**Activity:**
Leaving out every picture, quote the data below exactly as it appears.

(Material provided)

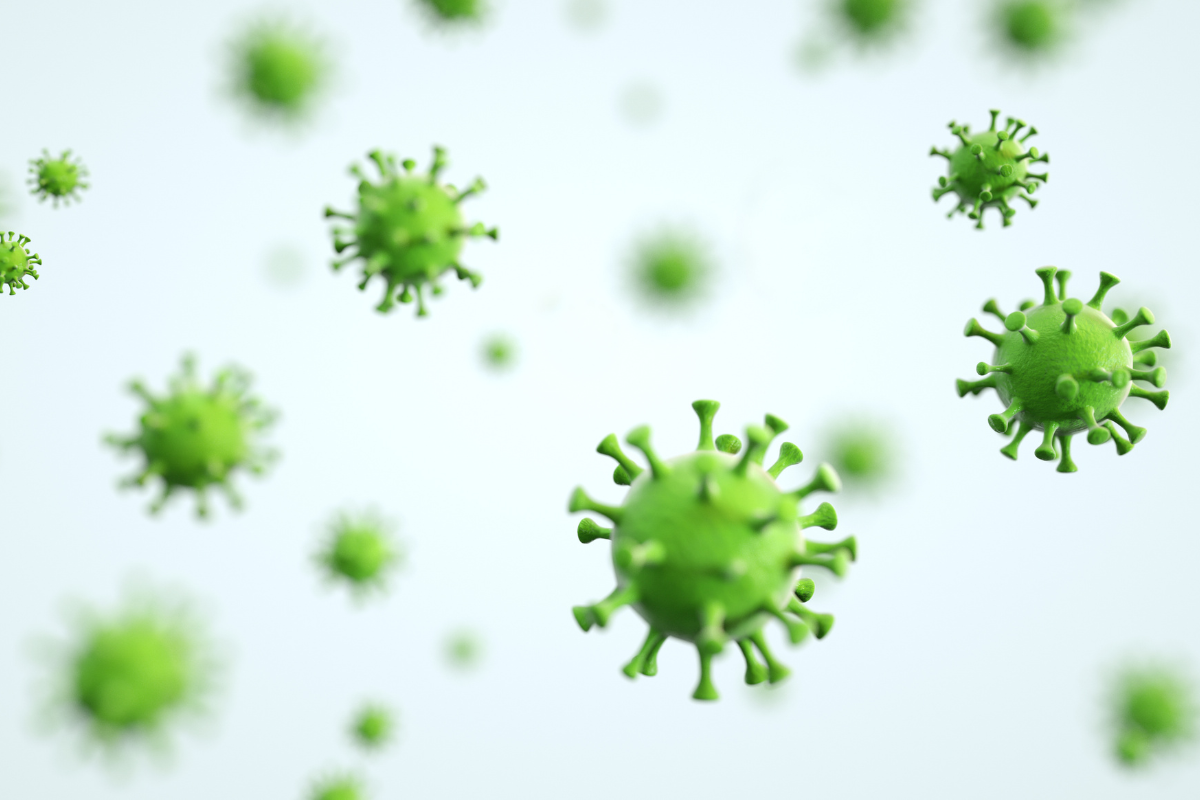 Illustration de particules du métapneumovirus humain, un virus respiratoire en 2025.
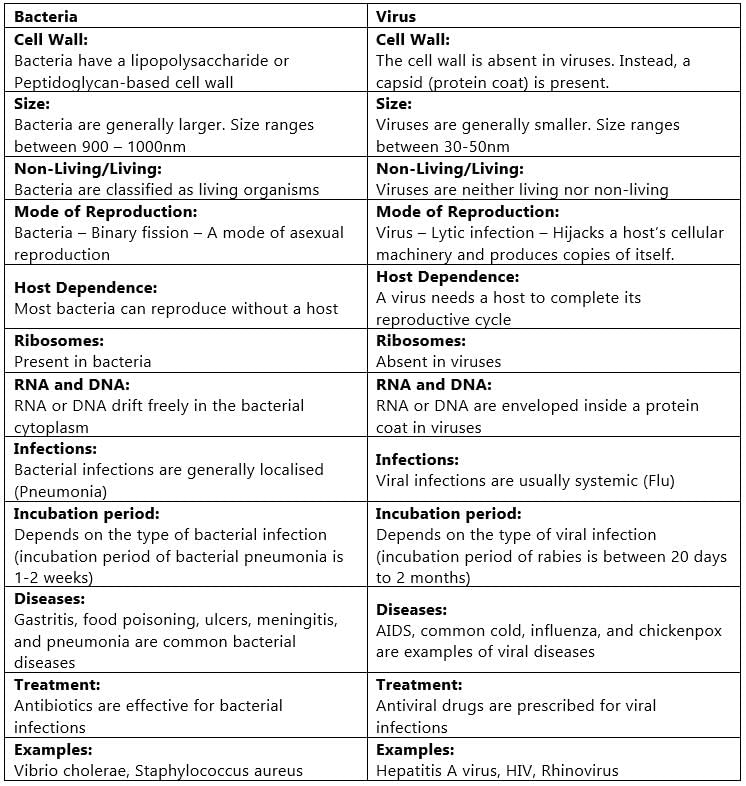 Bacteria, Virus, Algae, Fungi & Lichens | Science & Technology for UPSC CSE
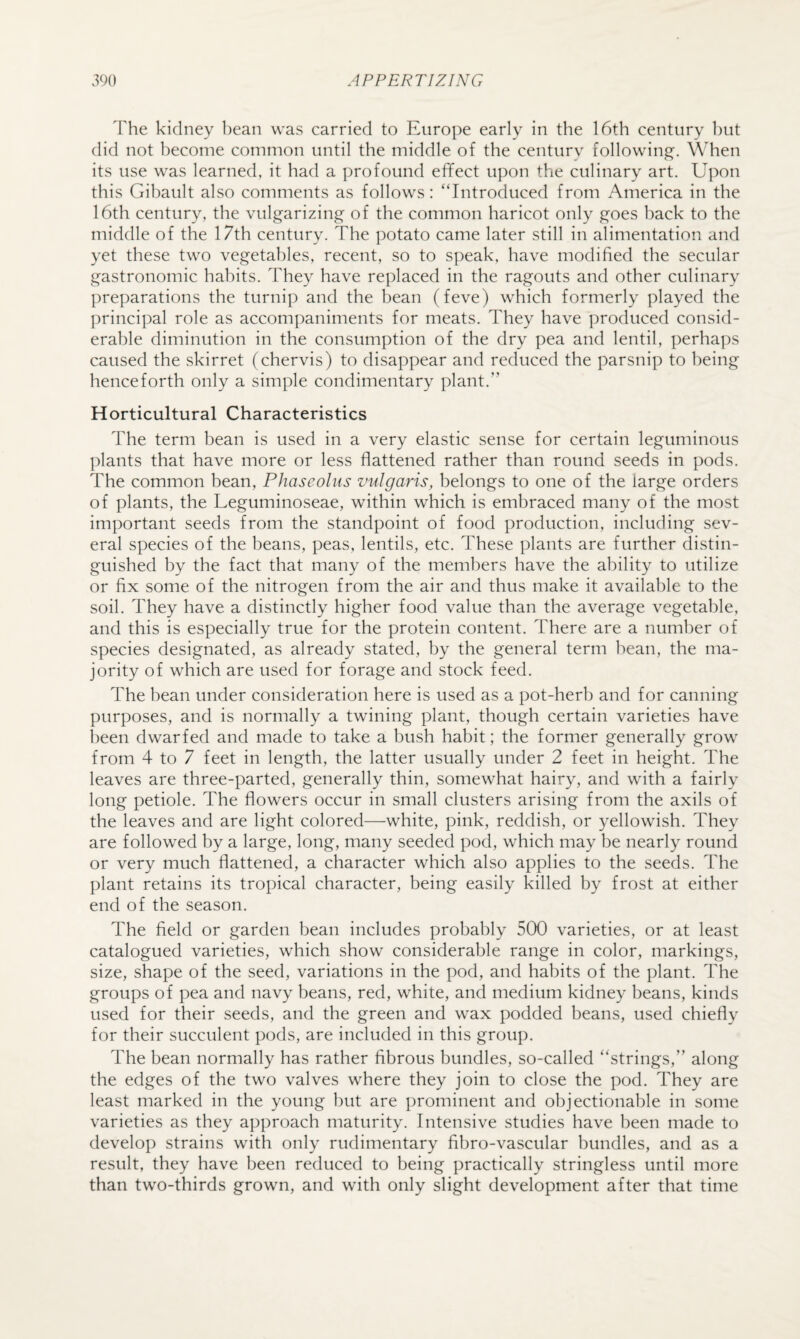 The kidney l)ean was carried to Europe early in the 16th century but did not become common until the middle of the century following. When its use was learned, it had a profound effect upon the culinary art. LIpon this Gibault also comments as follows: “Introduced from America in the 16th century, the vulgarizing of the common haricot only goes back to the middle of the 17th century. The potato came later still in alimentation and yet these two vegetables, recent, so to speak, have modified the secular gastronomic habits. They have replaced in the ragouts and other culinary preparations the turnip and the bean (feve) which formerly played the principal role as accompaniments for meats. They have produced consid¬ erable diminution in the consumption of the dry pea and lentil, perhaps caused the skirret (chervis) to disappear and reduced the parsnip to being henceforth only a simple condimentary plant.” Horticultural Characteristics The term bean is used in a very elastic sense for certain leguminous plants that have more or less flattened rather than round seeds in pods. The common bean, Phaseoliis vulgaris, belongs to one of the large orders of plants, the Leguminoseae, within which is embraced many of the most important seeds from the standpoint of food production, including sev¬ eral species of the beans, peas, lentils, etc. These plants are further distin¬ guished by the fact that many of the members have the ability to utilize or fix some of the nitrogen from the air and thus make it available to the soil. They have a distinctly higher food value than the average vegetable, and this is especially true for the protein content. There are a number of species designated, as already stated, by the general term bean, the ma¬ jority of which are used for forage and stock feed. The bean under consideration here is used as a pot-herb and for canning purposes, and is normally a twining plant, though certain varieties have been dwarfed and made to take a bush habit; the former generally grow from 4 to 7 feet in length, the latter usually under 2 feet in height. The leaves are three-parted, generally thin, somewhat hairy, and with a fairly long petiole. The flowers occur in small clusters arising from the axils of the leaves and are light colored—white, pink, reddish, or yellowish. They are followed by a large, long, many seeded pod, which may be nearly round or very much flattened, a character which also applies to the seeds. The plant retains its tropical character, being easily killed by frost at either end of the season. The field or garden bean includes probably 500 varieties, or at least catalogued varieties, which show considerable range in color, markings, size, shape of the seed, variations in the pod, and habits of the plant. The groups of pea and navy beans, red, white, and medium kidney beans, kinds used for their seeds, and the green and wax podded beans, used chiefly for their succulent pods, are included in this group. The bean normally has rather fibrous bundles, so-called “strings,” along the edges of the two valves where they join to close the pod. They are least marked in the young but are prominent and objectionable in some varieties as they approach maturity. Intensive studies have been made to develop strains with only rudimentary fibro-vascular bundles, and as a result, they have been reduced to being practically stringless until more than two-thirds grown, and with only slight development after that time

(End Material provided)

**Written answer:**
 Illustration de particules du métapneumovirus humain, un virus respiratoire en 2025.
 Bacteria, Virus, Algae, Fungi & Lichens | Science & Technology for UPSC CSE
 The kidney l)ean was carried to Europe early in the 16th century but did not become common until the middle of the century following. When its use was learned, it had a profound effect upon the culinary art. LIpon this Gibault also comments as follows: “Introduced from America in the 16th century, the vulgarizing of the common haricot only goes back to the middle of the 17th century. The potato came later still in alimentation and yet these two vegetables, recent, so to speak, have modified the secular gastronomic habits. They have replaced in the ragouts and other culinary preparations the turnip and the bean (feve) which formerly played the principal role as accompaniments for meats. They have produced consid¬ erable diminution in the consumption of the dry pea and lentil, perhaps caused the skirret (chervis) to disappear and reduced the parsnip to being henceforth only a simple condimentary plant.” Horticultural Characteristics The term bean is used in a very elastic sense for certain leguminous plants that have more or less flattened rather than round seeds in pods. The common bean, Phaseoliis vulgaris, belongs to one of the large orders of plants, the Leguminoseae, within which is embraced many of the most important seeds from the standpoint of food production, including sev¬ eral species of the beans, peas, lentils, etc. These plants are further distin¬ guished by the fact that many of the members have the ability to utilize or fix some of the nitrogen from the air and thus make it available to the soil. They have a distinctly higher food value than the average vegetable, and this is especially true for the protein content. There are a number of species designated, as already stated, by the general term bean, the ma¬ jority of which are used for forage and stock feed. The bean under consideration here is used as a pot-herb and for canning purposes, and is normally a twining plant, though certain varieties have been dwarfed and made to take a bush habit; the former generally grow from 4 to 7 feet in length, the latter usually under 2 feet in height. The leaves are three-parted, generally thin, somewhat hairy, and with a fairly long petiole. The flowers occur in small clusters arising from the axils of the leaves and are light colored—white, pink, reddish, or yellowish. They are followed by a large, long, many seeded pod, which may be nearly round or very much flattened, a character which also applies to the seeds. The plant retains its tropical character, being easily killed by frost at either end of the season. The field or garden bean includes probably 500 varieties, or at least catalogued varieties, which show considerable range in color, markings, size, shape of the seed, variations in the pod, and habits of the plant. The groups of pea and navy beans, red, white, and medium kidney beans, kinds used for their seeds, and the green and wax podded beans, used chiefly for their succulent pods, are included in this group. The bean normally has rather fibrous bundles, so-called “strings,” along the edges of the two valves where they join to close the pod. They are least marked in the young but are prominent and objectionable in some varieties as they approach maturity. Intensive studies have been made to develop strains with only rudimentary fibro-vascular bundles, and as a result, they have been reduced to being practically stringless until more than two-thirds grown, and with only slight development after that time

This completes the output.